Task instructions
In the records that follow, the lines from the one containing "this 1280×783 image." to the one containing "this 320×180 image.", inclusive, are to be given again exactly.

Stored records
Segment Open

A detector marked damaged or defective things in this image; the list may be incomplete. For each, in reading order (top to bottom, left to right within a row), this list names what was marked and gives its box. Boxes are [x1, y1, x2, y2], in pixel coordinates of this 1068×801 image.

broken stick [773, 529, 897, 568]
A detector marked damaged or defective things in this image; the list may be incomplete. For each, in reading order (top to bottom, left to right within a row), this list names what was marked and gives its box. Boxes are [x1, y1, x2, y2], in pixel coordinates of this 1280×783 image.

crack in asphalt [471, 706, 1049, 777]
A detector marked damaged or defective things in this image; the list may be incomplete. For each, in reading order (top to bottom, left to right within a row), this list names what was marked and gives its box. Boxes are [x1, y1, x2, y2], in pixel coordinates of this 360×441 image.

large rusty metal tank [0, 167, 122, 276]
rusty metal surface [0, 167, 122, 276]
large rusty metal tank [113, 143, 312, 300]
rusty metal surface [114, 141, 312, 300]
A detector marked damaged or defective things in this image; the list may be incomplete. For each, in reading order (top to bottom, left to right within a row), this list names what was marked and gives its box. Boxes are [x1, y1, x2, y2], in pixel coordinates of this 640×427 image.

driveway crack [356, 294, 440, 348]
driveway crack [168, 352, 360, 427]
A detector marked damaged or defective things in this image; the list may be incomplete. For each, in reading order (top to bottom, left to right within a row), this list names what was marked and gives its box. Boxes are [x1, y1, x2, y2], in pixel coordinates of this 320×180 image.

Segment Closed
Segment Open

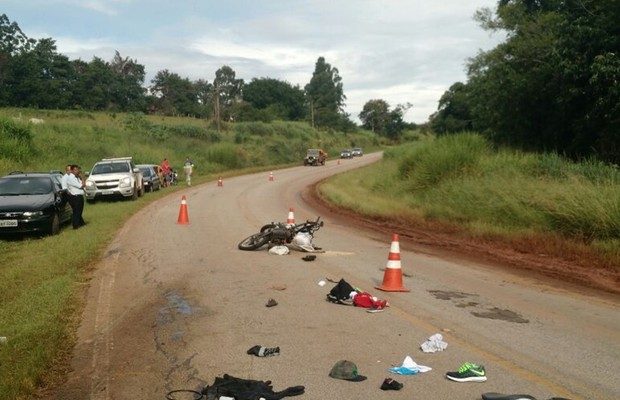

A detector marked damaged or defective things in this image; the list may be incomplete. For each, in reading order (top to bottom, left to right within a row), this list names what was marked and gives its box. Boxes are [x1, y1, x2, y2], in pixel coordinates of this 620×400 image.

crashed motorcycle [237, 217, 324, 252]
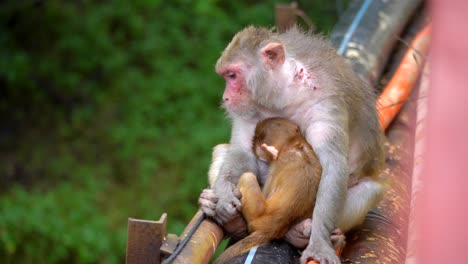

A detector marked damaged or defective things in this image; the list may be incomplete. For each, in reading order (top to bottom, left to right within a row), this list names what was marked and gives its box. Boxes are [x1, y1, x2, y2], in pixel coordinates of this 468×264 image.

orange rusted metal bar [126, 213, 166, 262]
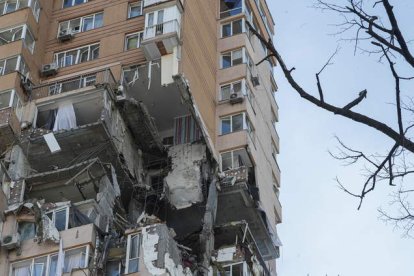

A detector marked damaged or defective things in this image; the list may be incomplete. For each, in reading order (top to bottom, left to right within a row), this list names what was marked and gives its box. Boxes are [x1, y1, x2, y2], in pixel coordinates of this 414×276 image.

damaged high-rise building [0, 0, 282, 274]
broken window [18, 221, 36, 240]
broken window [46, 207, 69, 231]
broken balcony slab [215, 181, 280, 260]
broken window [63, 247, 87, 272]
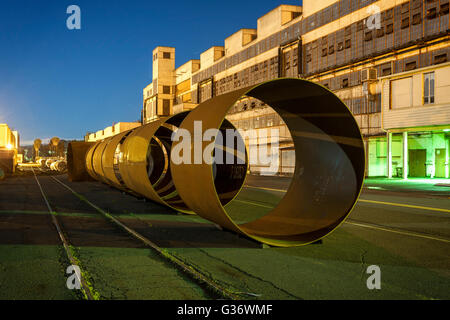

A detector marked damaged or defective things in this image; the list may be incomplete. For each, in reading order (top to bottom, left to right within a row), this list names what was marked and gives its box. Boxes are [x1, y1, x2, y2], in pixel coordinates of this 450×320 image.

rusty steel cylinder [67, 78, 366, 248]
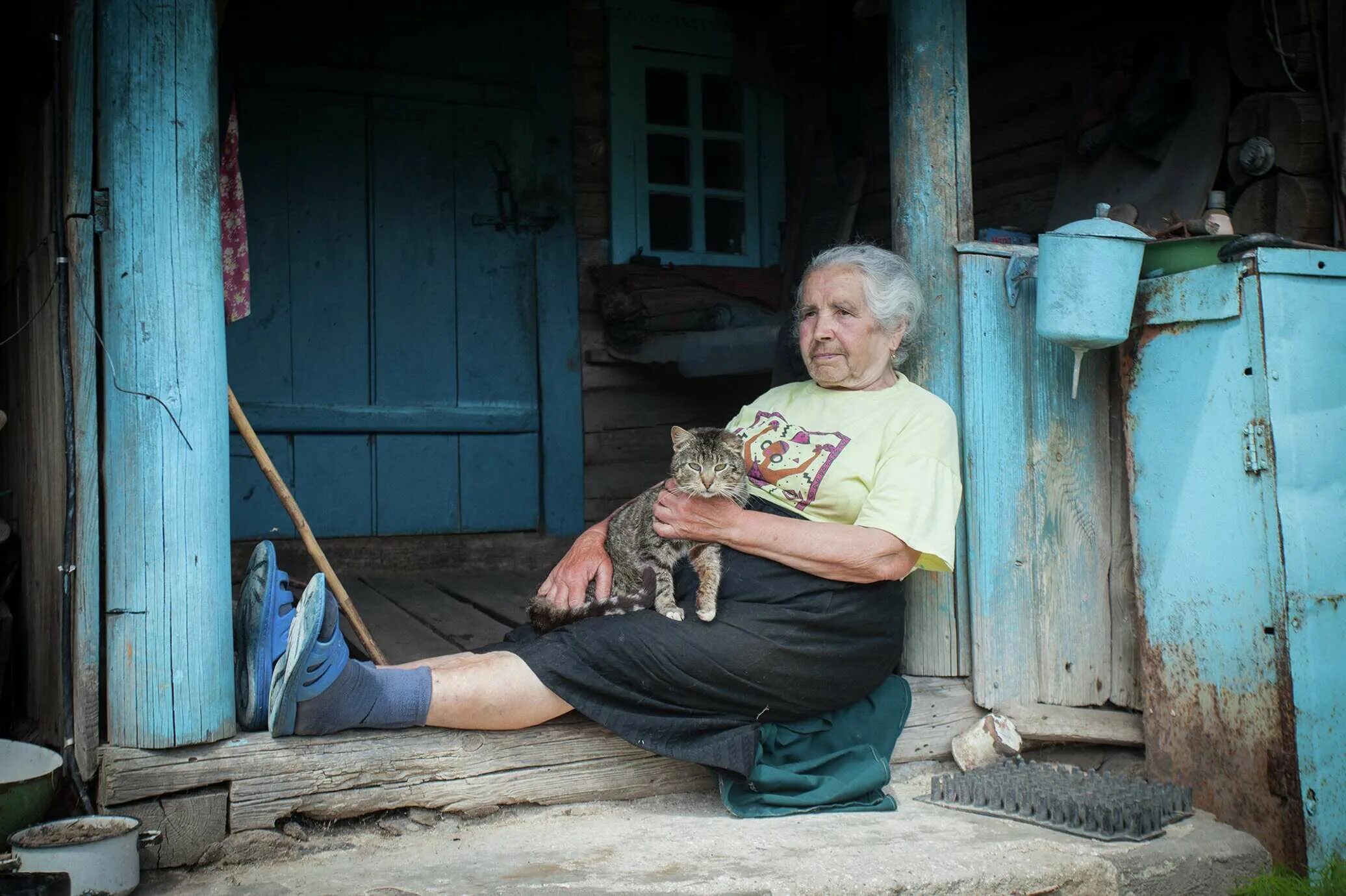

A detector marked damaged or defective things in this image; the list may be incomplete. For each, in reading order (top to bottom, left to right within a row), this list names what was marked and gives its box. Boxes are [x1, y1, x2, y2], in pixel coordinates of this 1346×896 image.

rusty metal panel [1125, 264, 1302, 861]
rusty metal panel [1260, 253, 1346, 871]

Segment Closed
Segment Open

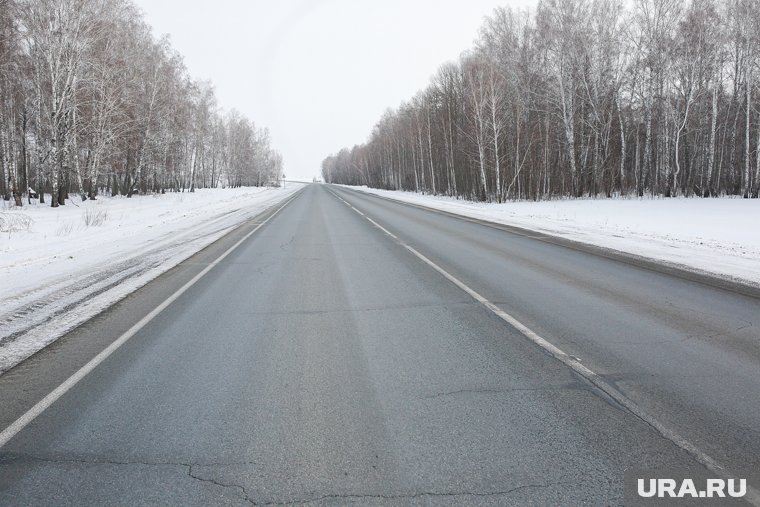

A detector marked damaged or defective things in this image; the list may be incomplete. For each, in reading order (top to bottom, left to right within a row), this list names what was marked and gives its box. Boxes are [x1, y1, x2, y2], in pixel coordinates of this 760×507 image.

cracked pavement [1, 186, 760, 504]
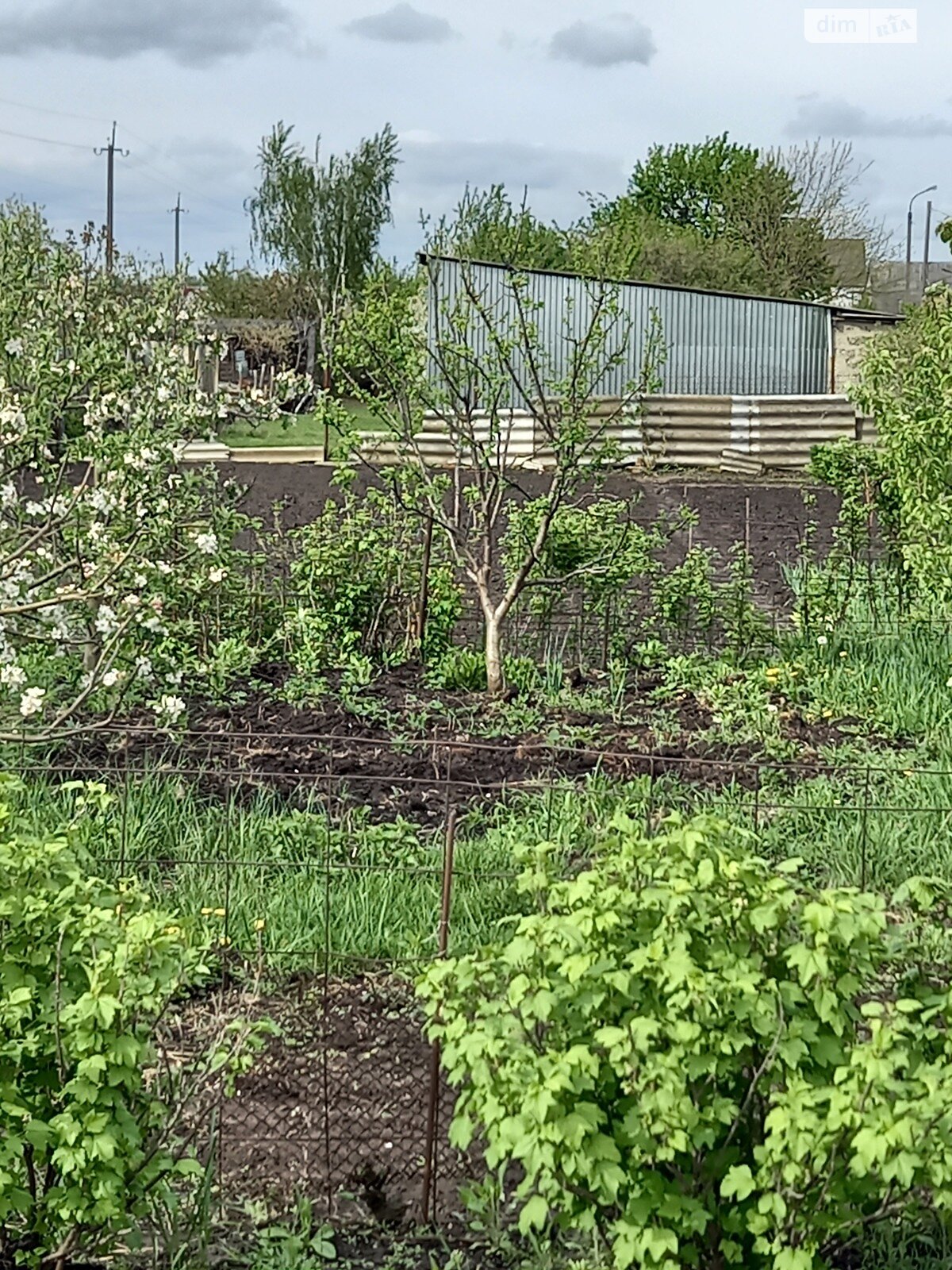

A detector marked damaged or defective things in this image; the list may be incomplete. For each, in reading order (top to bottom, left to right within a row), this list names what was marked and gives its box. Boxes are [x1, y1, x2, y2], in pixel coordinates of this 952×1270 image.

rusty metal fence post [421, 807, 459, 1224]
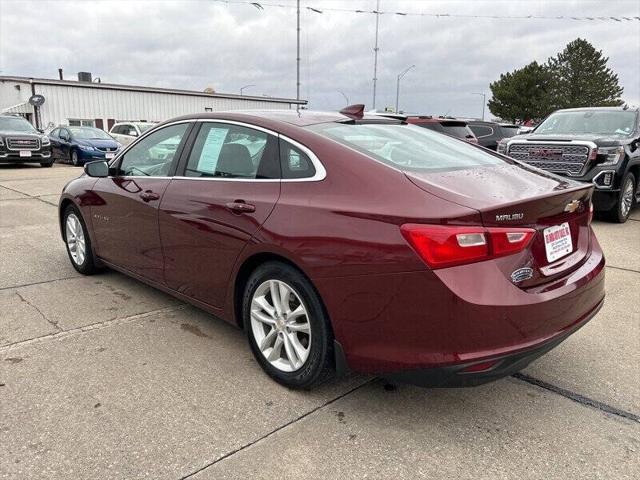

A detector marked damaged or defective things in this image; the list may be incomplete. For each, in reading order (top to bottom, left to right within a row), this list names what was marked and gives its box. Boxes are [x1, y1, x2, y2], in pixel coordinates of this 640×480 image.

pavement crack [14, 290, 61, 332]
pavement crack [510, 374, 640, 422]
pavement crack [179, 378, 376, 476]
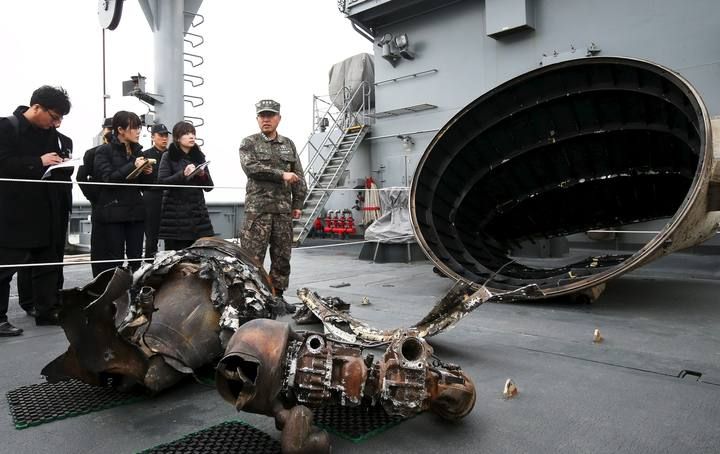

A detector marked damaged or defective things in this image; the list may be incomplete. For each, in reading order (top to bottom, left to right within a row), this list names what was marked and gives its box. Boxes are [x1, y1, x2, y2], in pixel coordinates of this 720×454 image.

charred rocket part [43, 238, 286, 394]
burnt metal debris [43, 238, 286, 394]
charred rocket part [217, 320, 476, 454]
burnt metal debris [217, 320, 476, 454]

Segment Closed

Solution for this problem
A detector marked damaged or defective things in this image; the list may be incomplete. For each, in reading order (top to bottom, left to right within a row), this list names what was marked and gives its box. Boxes are [x1, y1, x2, y2], in pixel coordinates of this 1280×783 image.

crack in asphalt [471, 706, 1049, 777]
A detector marked damaged or defective things in this image; the list may be incomplete. For each, in reading order (top to bottom, left to right within a row), this list names what was marked and gives its box. Boxes are [x1, y1, x2, y2], in pixel coordinates of this 360×441 image.

large rusty metal tank [0, 167, 122, 276]
rusty metal surface [0, 167, 122, 276]
large rusty metal tank [113, 143, 312, 300]
rusty metal surface [114, 141, 312, 300]
A detector marked damaged or defective things in this image; the list may be incomplete. For each, in reading order (top to bottom, left to right within a row), this list names what was marked and gives its box. Boxes are [x1, y1, x2, y2], in pixel coordinates of this 640×427 image.

driveway crack [356, 294, 440, 348]
driveway crack [168, 352, 360, 427]
A detector marked damaged or defective things in this image; the list may be incomplete. For each, in reading order (top to bottom, left to right within a row), this list names what was marked and gives its box. Boxes are [x1, y1, x2, y2], in pixel coordinates of this 320×180 image.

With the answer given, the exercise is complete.